Bâtisseurs d’inukshuk 1968
Une des plus solides compositions de Pitseolak, cette estampe bien connue démontre combien des représentations a priori génériques de scènes de la culture inuite peuvent contenir de connaissances personnelles et historiques. Plusieurs années après avoir réalisé cette image de trois hommes en train de bâtir un inukshuk (une stèle de pierre), elle identifie l’homme plaçant la pierre au sommet comme étant son père, Ottochie. Pitseolak se souvient d’un moment précis où ces hommes ont érigé un inukshuk sur une côte située derrière la nouvelle collectivité de Cape Dorset, établie simultanément au poste de traite de la Compagnie de la Baie d’Hudson (CBH) en 1913. L’inukshuk sert de balise pour les navires d’approvisionnement de la CBH, dont l’arrivée à Cape Dorset constitue un événement majeur. Les chasseurs montent la garde près de l’inukshuk et tirent des coups de feu dans l’air pour annoncer l’approche du navire. Les Inuits ont alors l’habitude de venir des camps éloignés afin d’aider au déchargement des provisions. C’est aussi l’occasion de prendre et de partager des nouvelles.
Même avant cette époque, les inuksuit (le pluriel d’inukshuk) reviennent souvent dans les légendes et les récits oraux de Cape Dorset, comme ils le feront plus tard dans les arts visuels; on les retrouve d’ailleurs dans la quasi-totalité des paysages et des scènes de campements de Pitseolak. Pour des familles comme la sienne, qui ont fait la traversée du Nunavik (Arctique québécois) à Qikiqtaaluk (île de Baffin), les inuksuit de Tikivak et de la pointe d’Inuksugaluit sont des balises bienvenues au terme du voyage.

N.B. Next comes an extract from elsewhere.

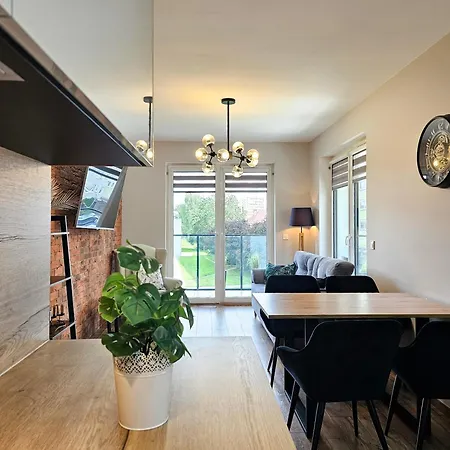 Visit Baltic - Nowe Matejki Apartment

Le dessin de Pitseolak pour Bâtisseurs d’inukshuk est retenu pour la collection annuelle de Cape Dorset, faisant ainsi l’objet d’une estampe. L’image devient populaire, bien que son contexte personnel et historique ne sera connu que des années plus tard. Dans les années 1960, tandis que les images inuites sont généralement perçues comme des représentations de l’ancien mode de vie, Pitseolak est non seulement consciente du fait que ses dessins sont une façon de faire découvrir le mode de vie inuit à un public extérieur, mais elle documente ainsi un certain savoir pour les générations futures d’Inuits. Cette motivation didactique est peut-être au centre de sa pensée, ce qui explique également pourquoi elle n’éprouve pas le besoin d’identifier clairement les individus qui apparaissent dans ses œuvres. Les images de Pitseolak mettent davantage l’emphase sur la représentation d’une histoire commune — une approche répandue parmi la première génération d’artistes inuits — plutôt qu’un besoin de communiquer telle ou telle expérience personnelle.